Massachusetts from a cyclist's perspective

Massachusetts cycling

Massachusetts punches far above its size for cyclists. The League of American Bicyclists ranks it the second most bike-friendly state in the country, and the geography backs the badge up. In roughly 90 minutes of driving you go from the 3,491-foot summit of Mount Greylock in the Berkshires to the sandy flats of the Cape Cod Rail Trail. The Pioneer Valley along the Connecticut River gives you college-town riding through Northampton and Amherst on the Norwottuck and Manhan trails. Greater Boston, anchored by the Charles River paths and the Emerald Necklace, is one of the more rideable metros in the United States. Four distinct regions, one compact state, more than 450 miles of rail trail stitching them together. The result is a riding menu that ranges from alpine-grade climbs to dead-flat seaside cruising, often within the same weekend.

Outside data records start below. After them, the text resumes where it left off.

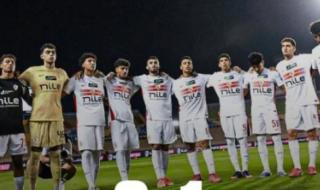 مدرب الزمالك: غياب التحضير سبب الهزيمة أمام زد بكأس عاصمة مصر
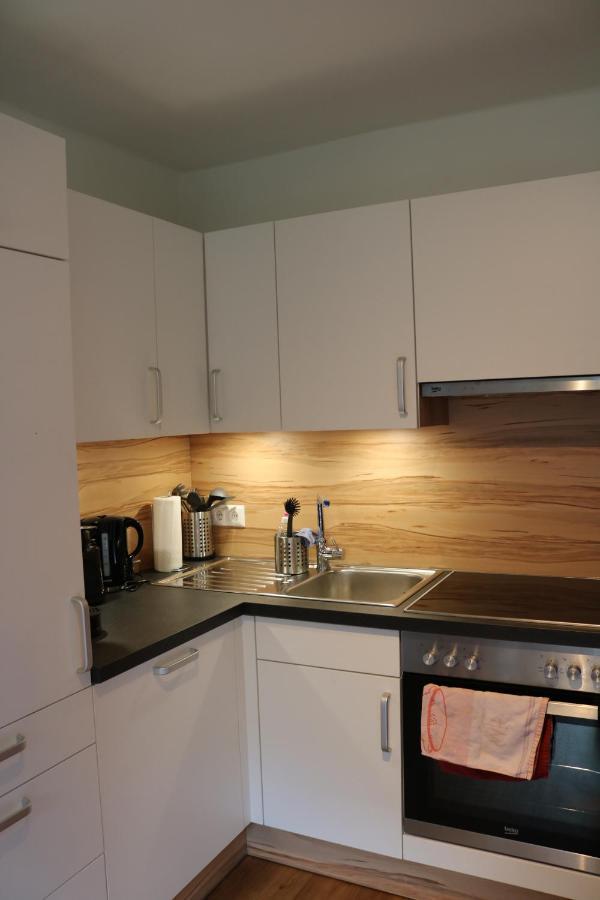 Apartment Zwigl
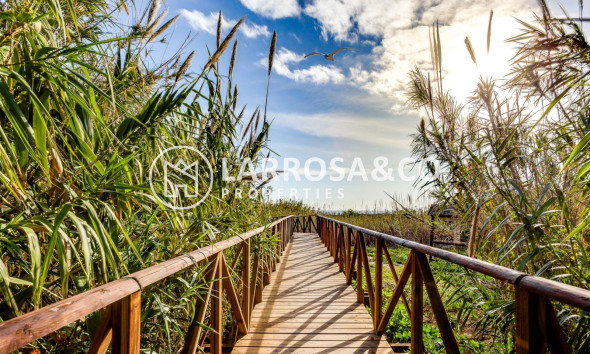 Herverkoop - Apartment - Torrevieja - La Mata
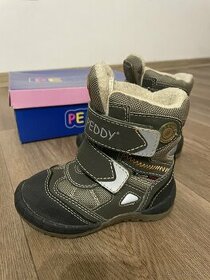 Zimní boty Peddy 24 - 1
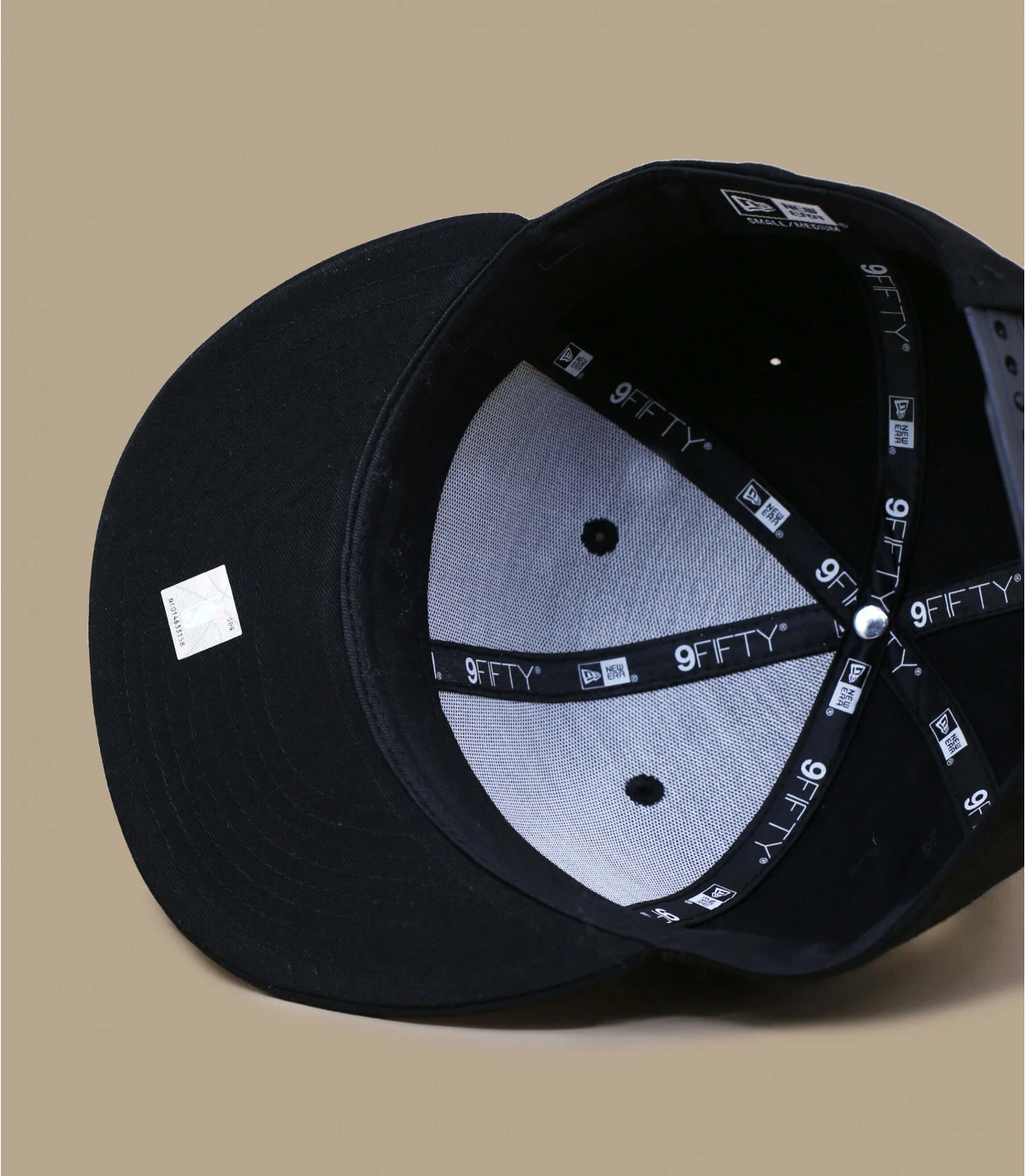 NEW ERA Snapback NBA BOB Lakers 6 NEW ERA Snapback NBA BOB Lakers – Image 6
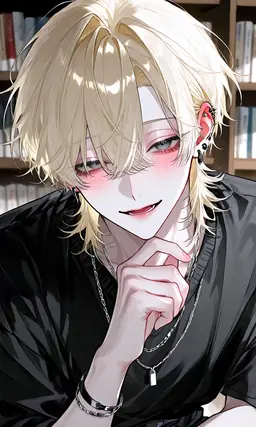 Profile image of 카이토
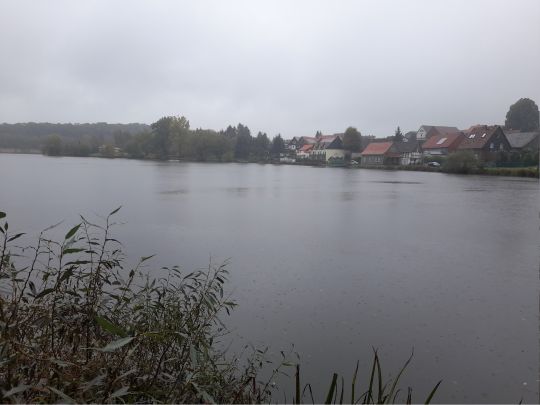 Unterer Teich (Stiege)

The road riding rewards effort. Mount Greylock is the marquee climb in New England south of the Whites: roughly 9 miles and 2,200 vertical feet up Rockwell Road from Lanesborough to the highest point in the state, with the steeper Notch Road approach from North Adams for masochists. The Mohawk Trail (Route 2) carries you over the Hoosac Range past the Hairpin Turn with long valley views. Out east, Cape Cod and the Islands trade elevation for wind and light, with quiet shore roads through Chatham, Wellfleet and the Outer Cape. The Berkshires deliver the gradient, the Cape delivers the scenery, and the Pioneer Valley splits the difference with rolling farmland and river crossings.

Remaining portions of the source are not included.